---------- EXERCISE INPUTS ----------

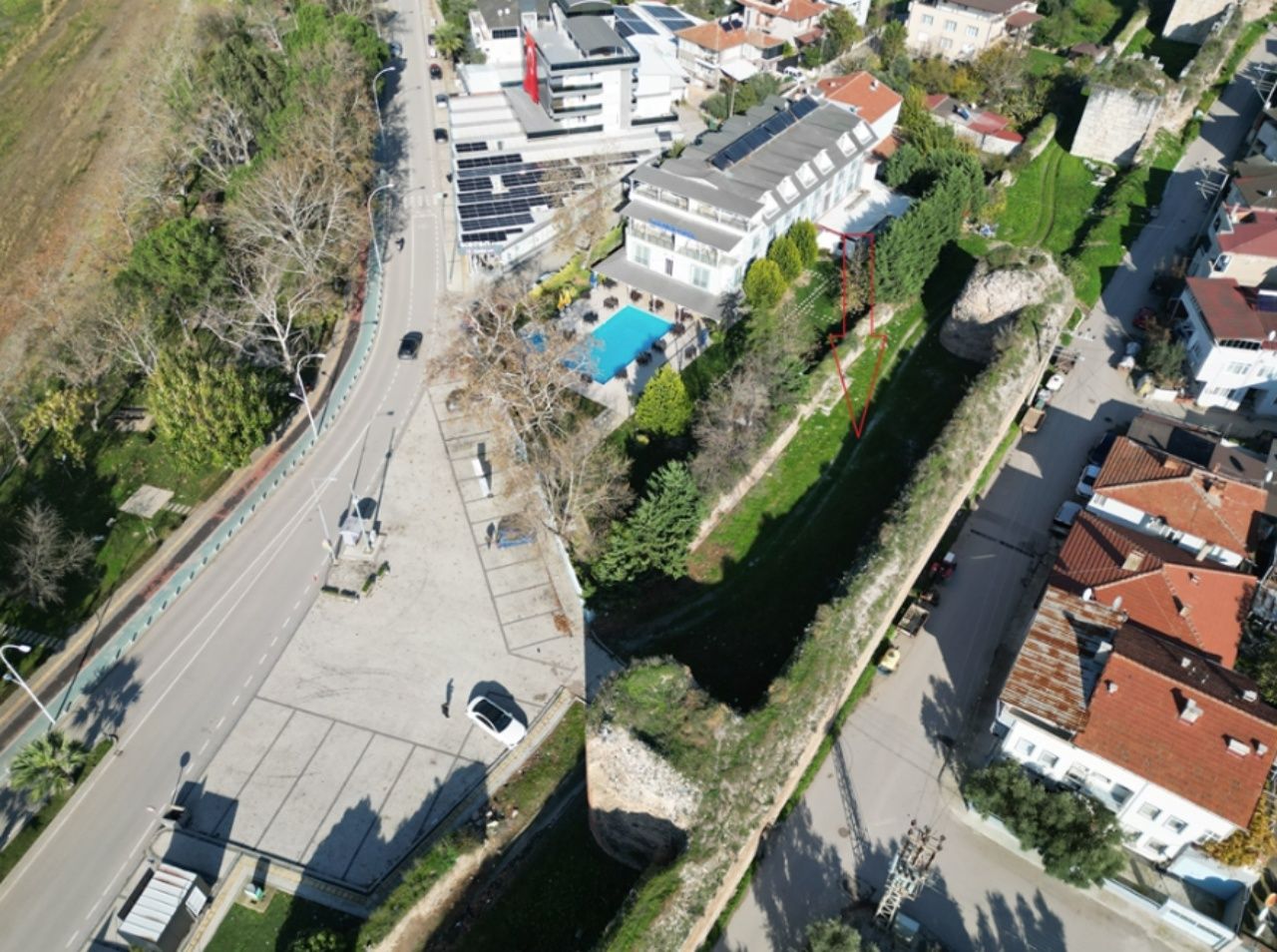 İznik'te Papa rüzgarı! Sur içindeki arsası için rekor fiyat istedi 5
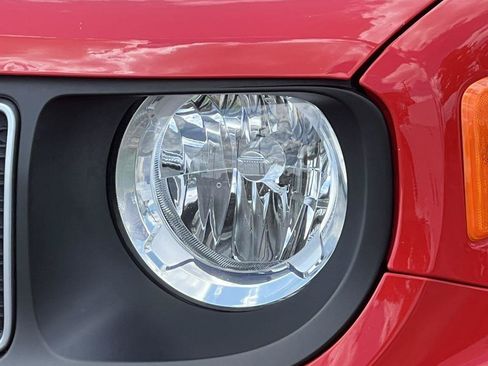 Used 2023 Jeep Renegade Latitude AWD/4WD image 31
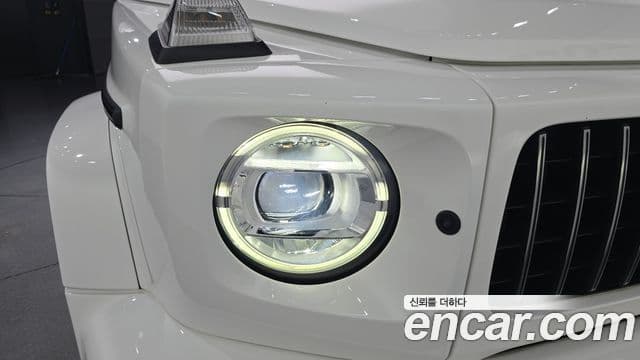 Mercedes-Benz G-Class 2020 — Photo 25/30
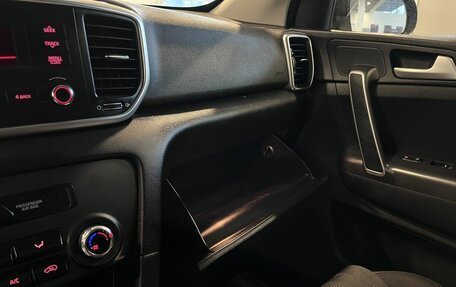 KIA Sportage IV рестайлинг, 2020 год, 2 138 000 рублей, 30 фотография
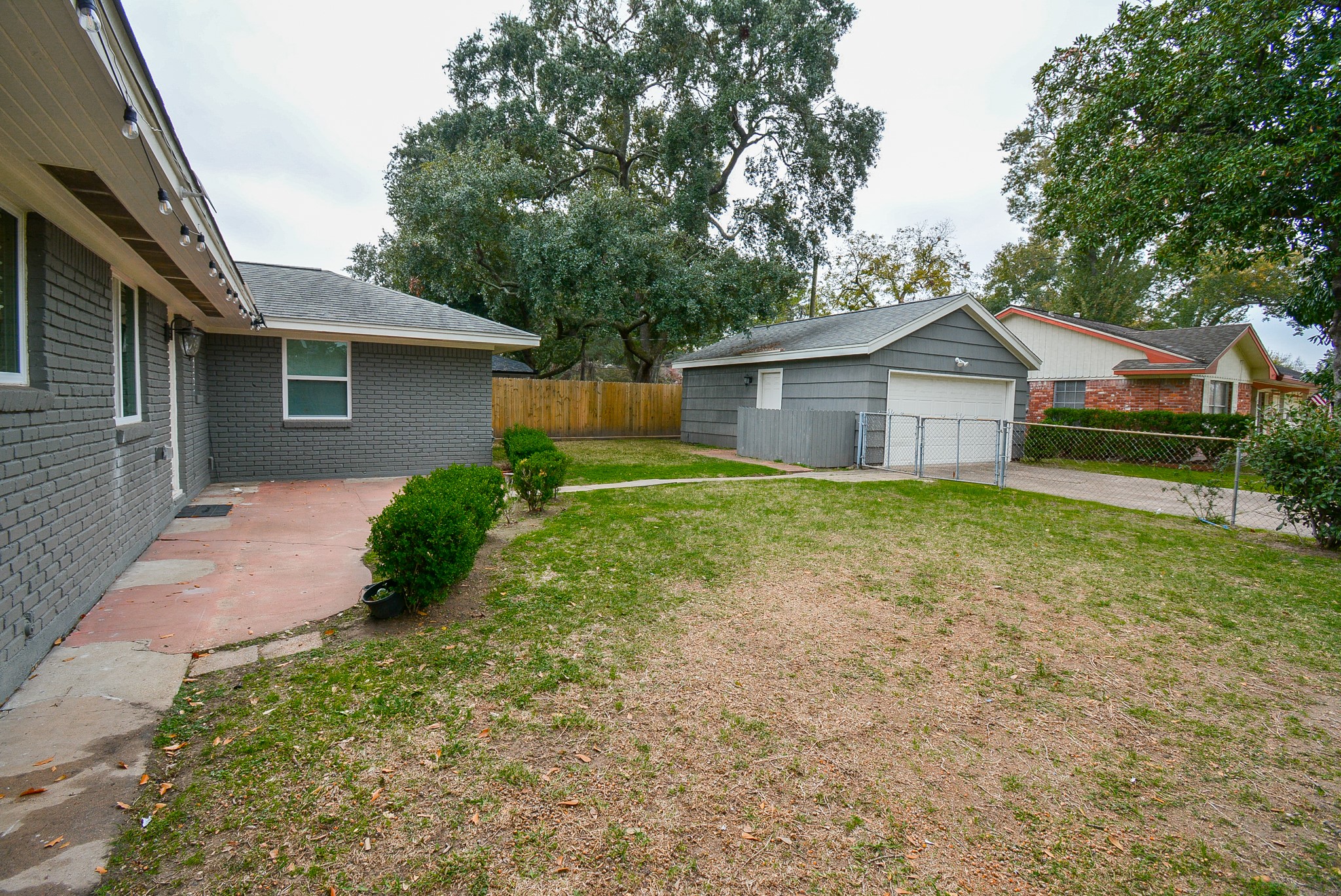 1437 Wisterwood Drive Houston TX 77043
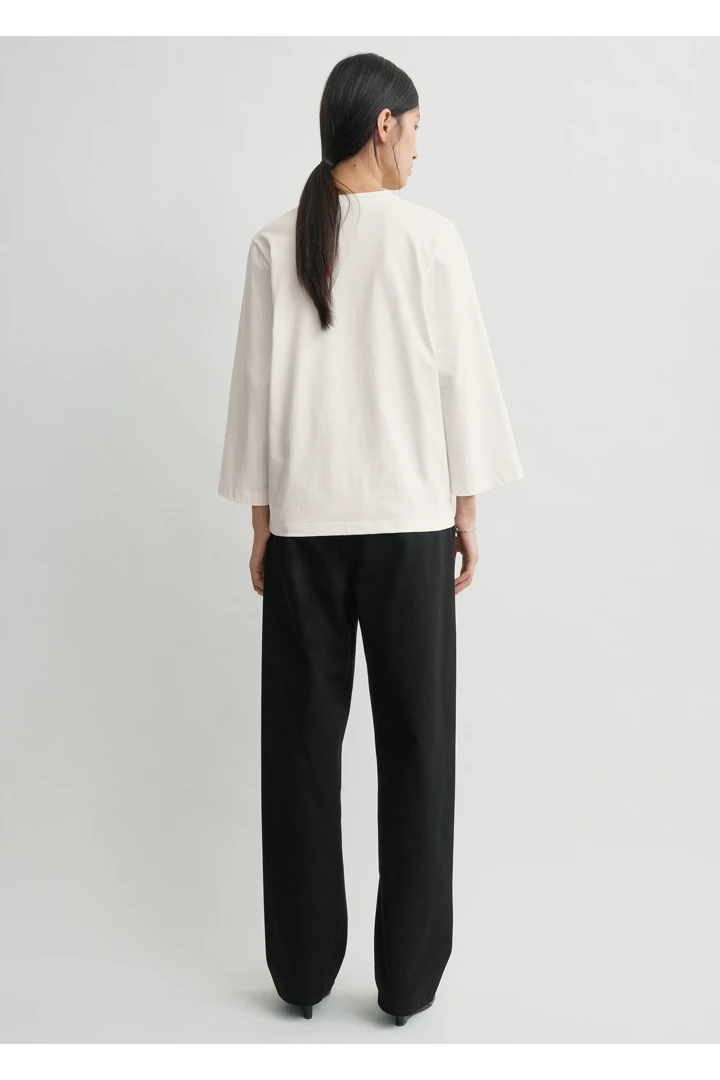 TOTEME 와이드 슬리브 티셔츠 화이트의 화이트컬러 2번쨰 이미지입니다.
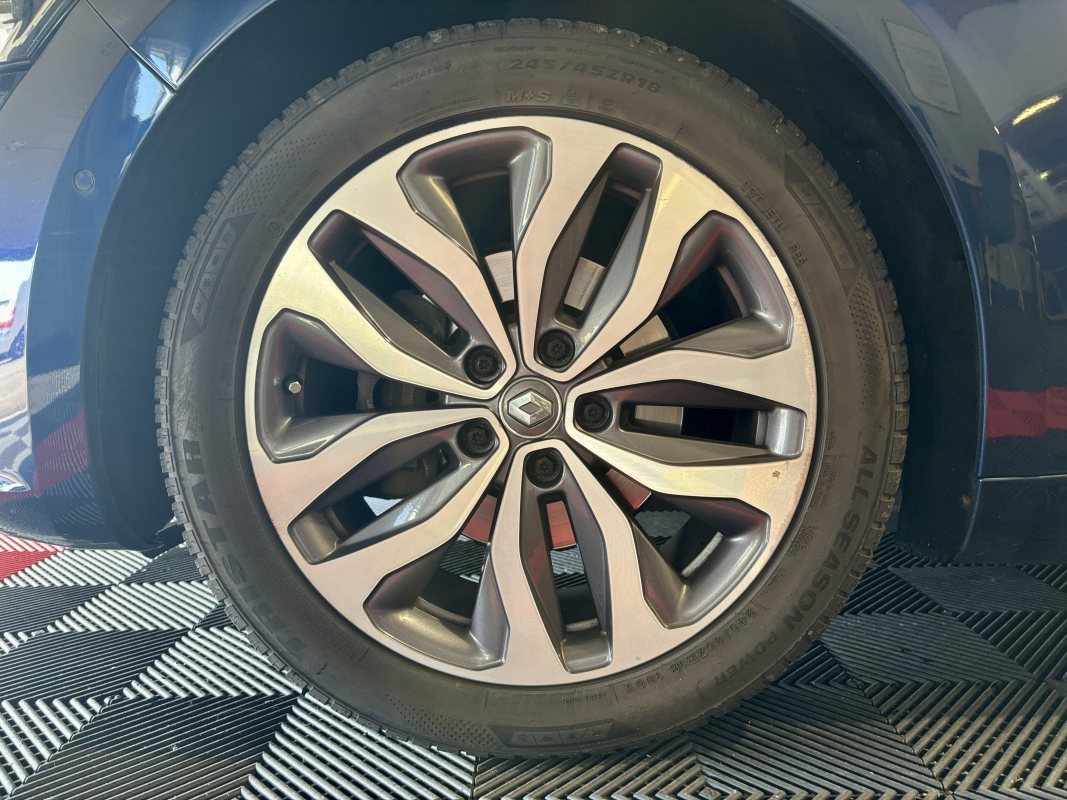 Renault Talisman Estate — 9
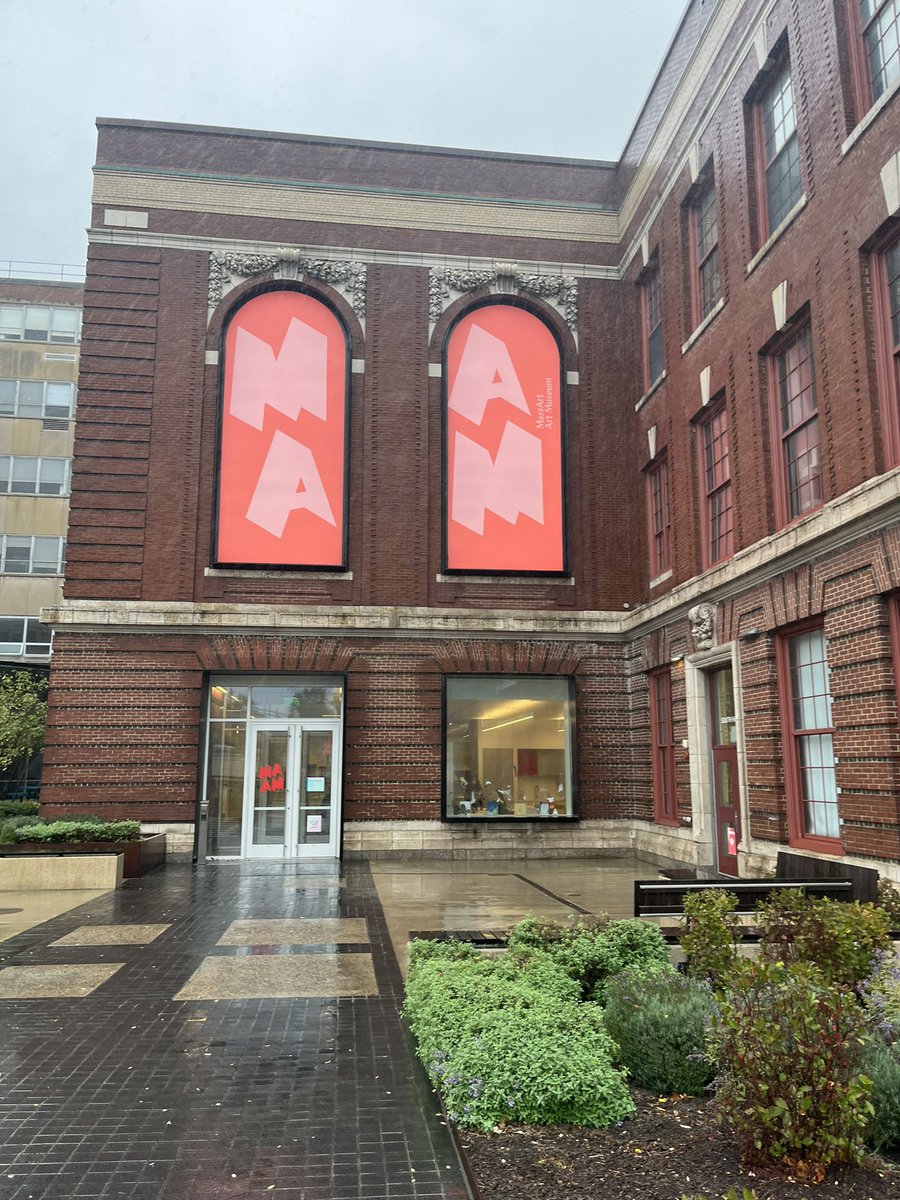 Rainy start to our morning at #HMImuseum Fellowship! So excited to meet the Fellows I’ve been emailing with for six months! But man, I am so unused to going to in-person professional events, it’s so funny!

----------

» ASSIGNMENT
All lines from the one containing "Renault Talisman Estate — 9" to the last line of the records above, and no others, should be returned unchanged, without pictures.

» ANSWER BELOW
 Renault Talisman Estate — 9
 Rainy start to our morning at #HMImuseum Fellowship! So excited to meet the Fellows I’ve been emailing with for six months! But man, I am so unused to going to in-person professional events, it’s so funny!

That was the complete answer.